A Valence, la région la plus durement touchée, la situation est désespérante. Les plongeurs tentent encore de s’aventurer dans les sous-sols inondés du centre commercial Bonaire, une gigantesque structure de presque 6.000 places plongée dans l’incertitude et la boue, presque un symbole d’une Espagne en train de lutter contre un ennemi invisible. On craint ce que l’on pourrait découvrir dans ce labyrinthe submergé.

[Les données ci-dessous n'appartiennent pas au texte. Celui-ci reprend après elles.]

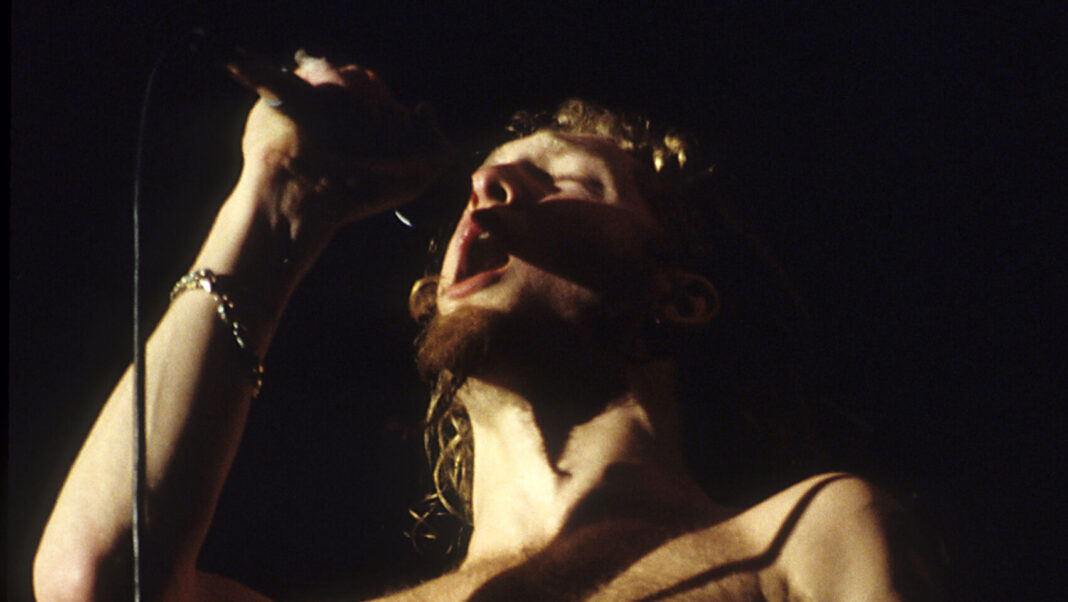 Layne Staley, 1991 (Foto: picture alliance / Geisler-Fotopress | Rudi Keuntje/Geisler-Fotopress)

«En bas, c’est une terrible inconnue. Nous ne sommes pas sûrs de ce que nous allons trouver», a confié le maire d’Aldaia, Guillermo Lujan, avec une prudence tremblante. Pour lui, comme pour les habitants, chaque mètre carré dégagé d’eau pourrait signifier une découverte tragique. Pendant ce temps, les rues de cette ville détrempée de Valence et des environs sont transformées en reliques d’un autre temps. Les quartiers autrefois animés sont devenus terrains de fouilles pour des secouristes dont les gestes, mesurés et précis, traduisent mieux que n’importe quel discours officiel la gravité de la situation.

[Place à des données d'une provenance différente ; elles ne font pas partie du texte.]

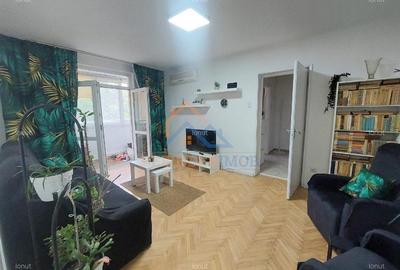 Apartament de vanzare cu 2 camere, zona Diham - Bulevardul Basarabia - 1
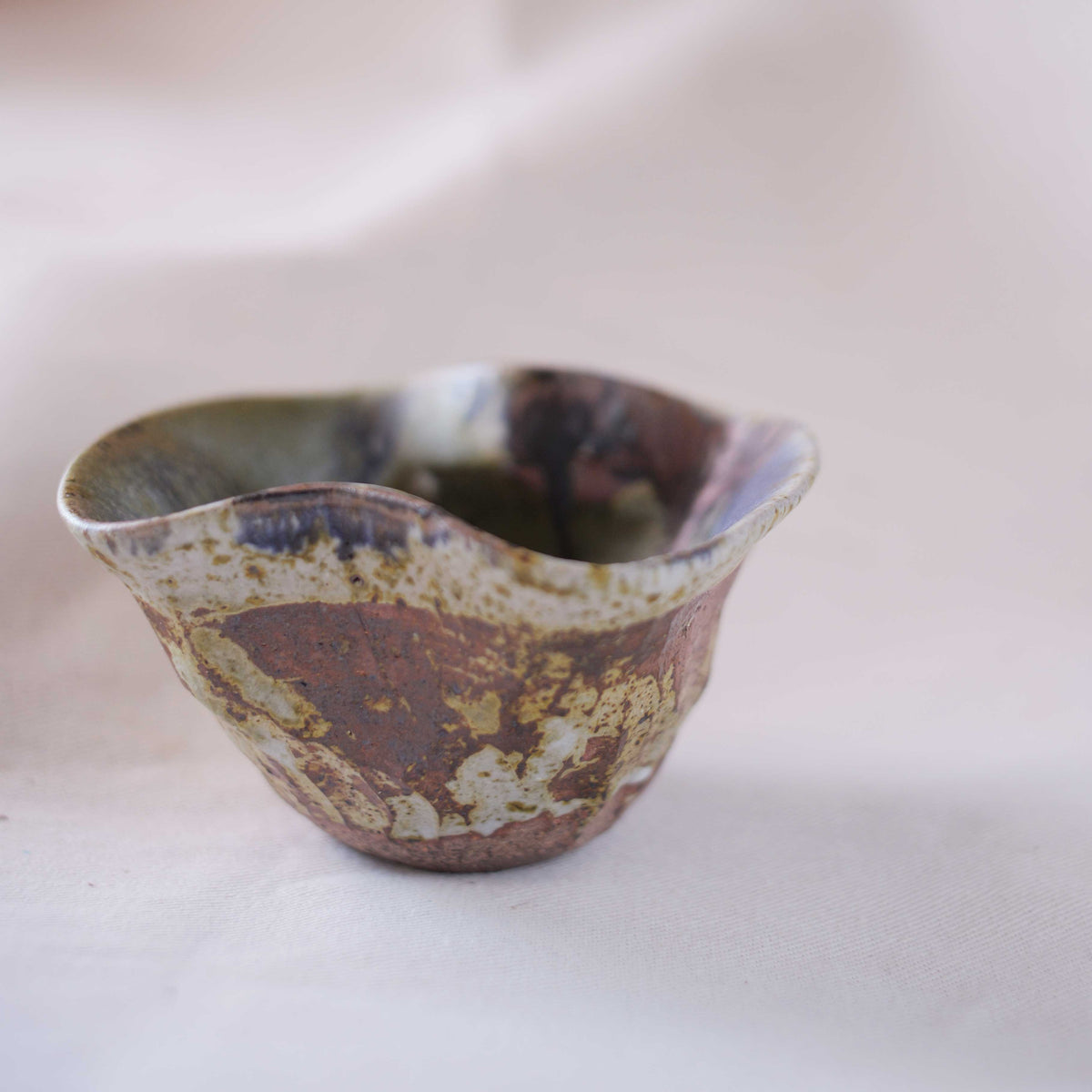 Kadita Tea Cup II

Une situation qui pourrait se compliquer davantage au regard des risques sanitaires annoncés. Mais au-delà des larmes et de la détresse, la colère gronde au sein d’une population qui se sent trahie et délaissée. Lorsque le roi Felipe VI et la reine Letizia ont foulé les terres inondées de Paiporta, les habitants, épuisés et exaspérés, les ont accueillis avec des invectives et des jets de boue. Le Premier ministre, Pedro Sanchez, a aussi dû être évacué face à une foule hostile qui accuse le gouvernement de lenteur et d’indifférence et qui refuse d’être étouffée dans le silence des protocoles d’Etat. Et en ces moments de deuil, où les corps des victimes commencent à être restitués petit à petit aux familles après identification, c’est la question des responsabilités qui émerge lentement à la surface. Et des interrogations lancinantes reviennent en permanence au sein d’une population très remontée : Pourquoi n’a-t-on pas mieux anticipé cette crise ?

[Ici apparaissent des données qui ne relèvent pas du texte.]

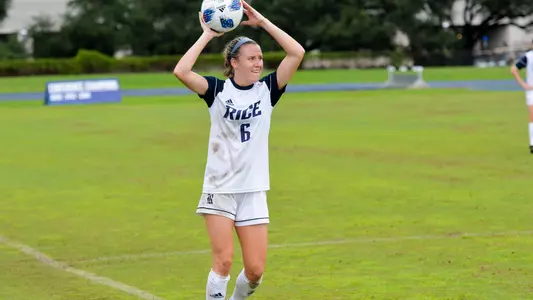 Darcy Mickalow vs Tulsa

Pourquoi ce manque de réactivité des autorités espagnoles ? La réponse, pour l’instant, semble encore embourbée dans les balbutiements des responsables politiques. Mais pour les habitants de Valence, qui pataugent dans leur colère autant que dans la boue, ces tentatives d’explications sonnent, évidemment, creux. Alors, que restera-t-il une fois les eaux retirées et les caméras éteintes? Sans doute, encore une fois, des promesses de plans d’urgence, des commissions d’enquête et des mots cosmétiques échangés sur les plateaux télé.